▶ EXTRACTED RECORDS:
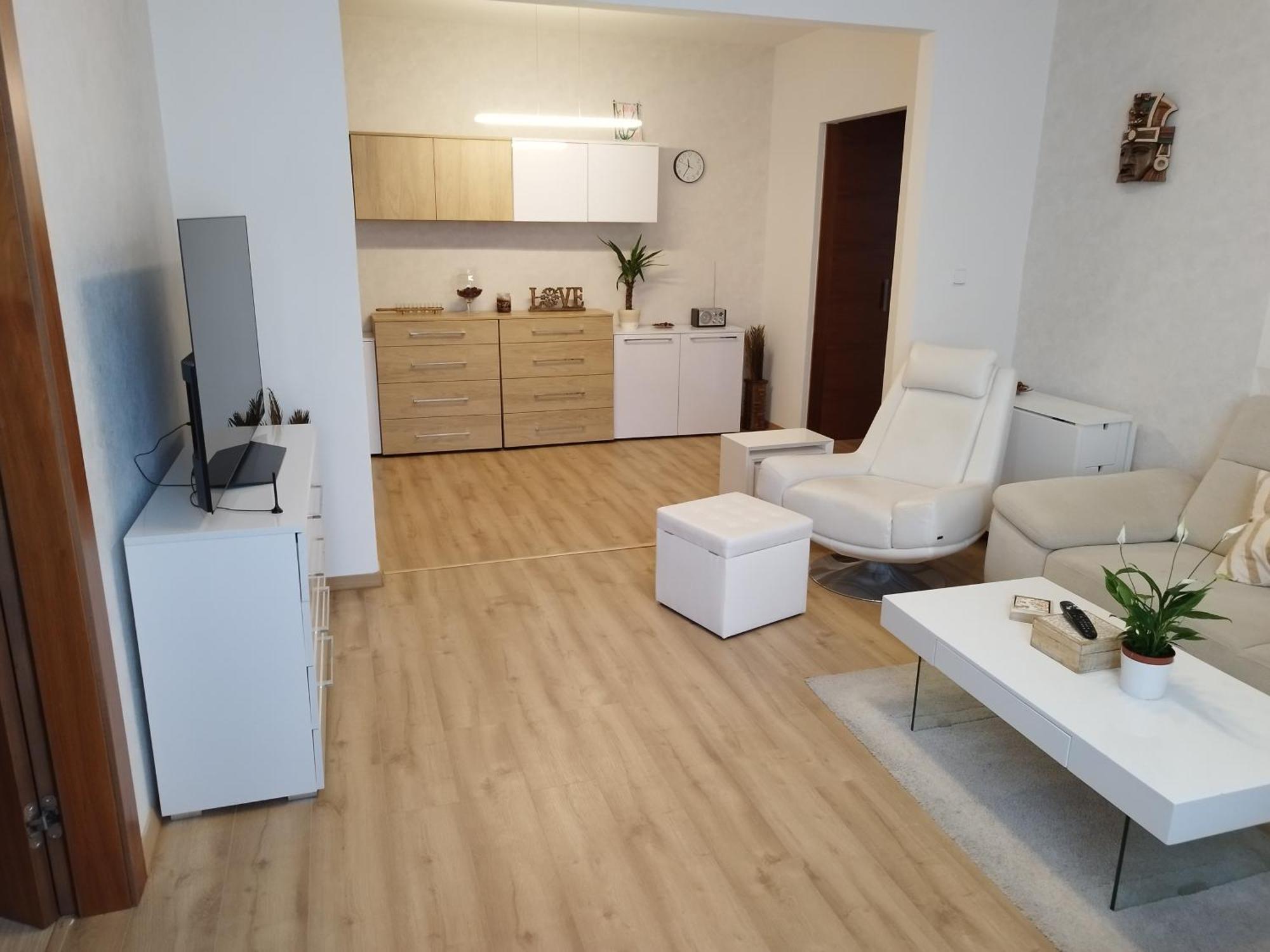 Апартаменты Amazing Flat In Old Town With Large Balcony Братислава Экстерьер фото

* * *

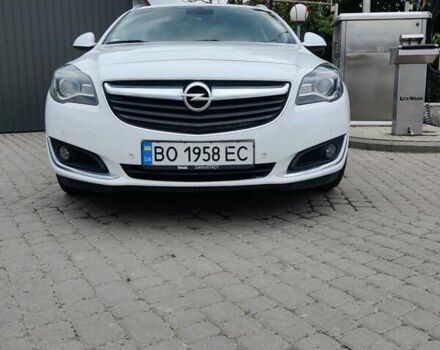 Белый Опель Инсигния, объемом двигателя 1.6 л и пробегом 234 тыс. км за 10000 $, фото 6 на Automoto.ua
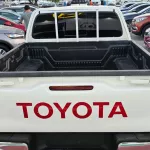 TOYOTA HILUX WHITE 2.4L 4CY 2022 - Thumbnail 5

--

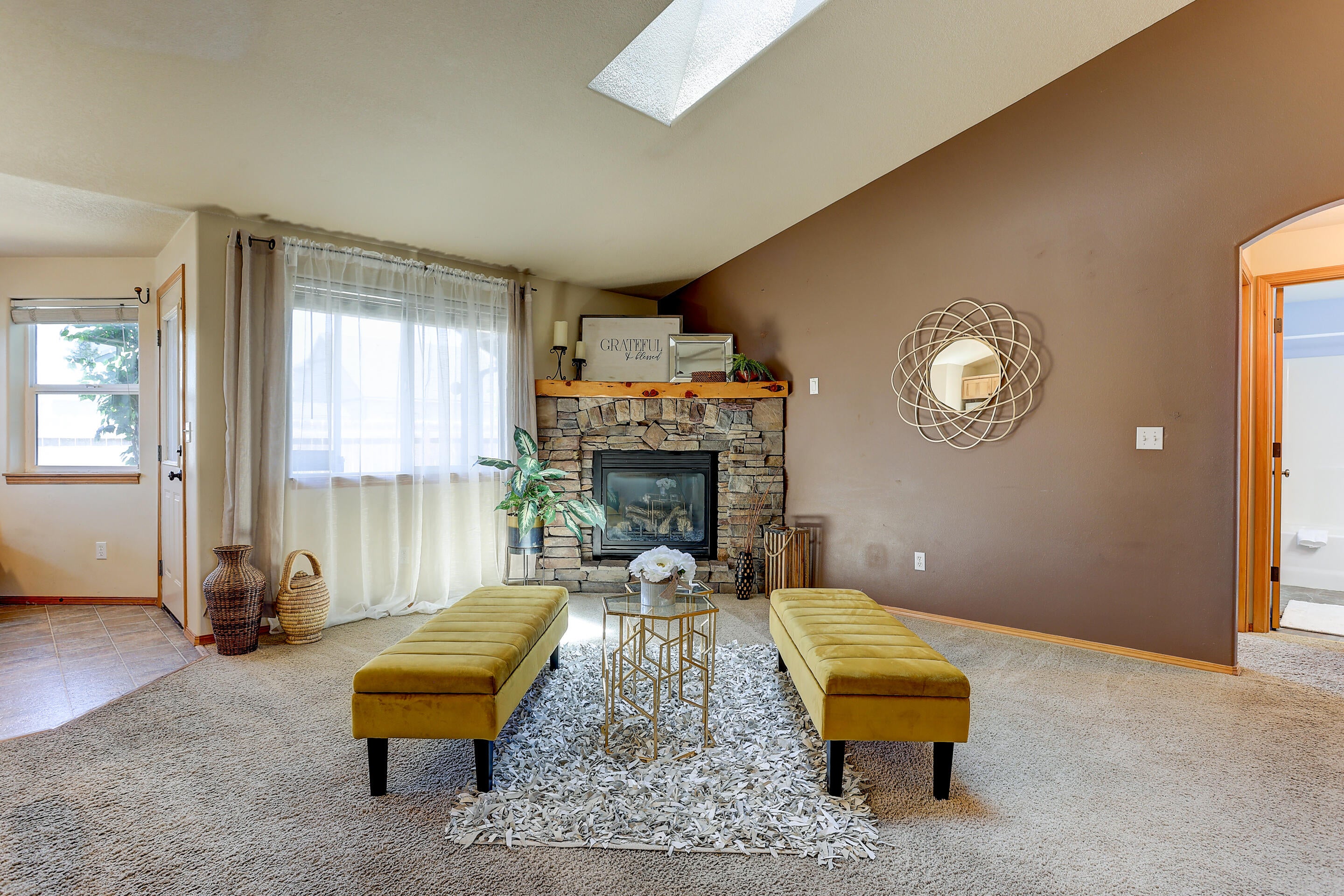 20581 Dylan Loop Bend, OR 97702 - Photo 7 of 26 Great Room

▶ TASK ITEM:
What belongs in the answer is each line above from the line with "Белый Опель Инсигния, объемом" to the line with "TOYOTA HILUX WHITE", inclusive, reproduced exactly and free of pictures.

▶ COMPLETED TASK:
 Белый Опель Инсигния, объемом двигателя 1.6 л и пробегом 234 тыс. км за 10000 $, фото 6 на Automoto.ua
 TOYOTA HILUX WHITE 2.4L 4CY 2022 - Thumbnail 5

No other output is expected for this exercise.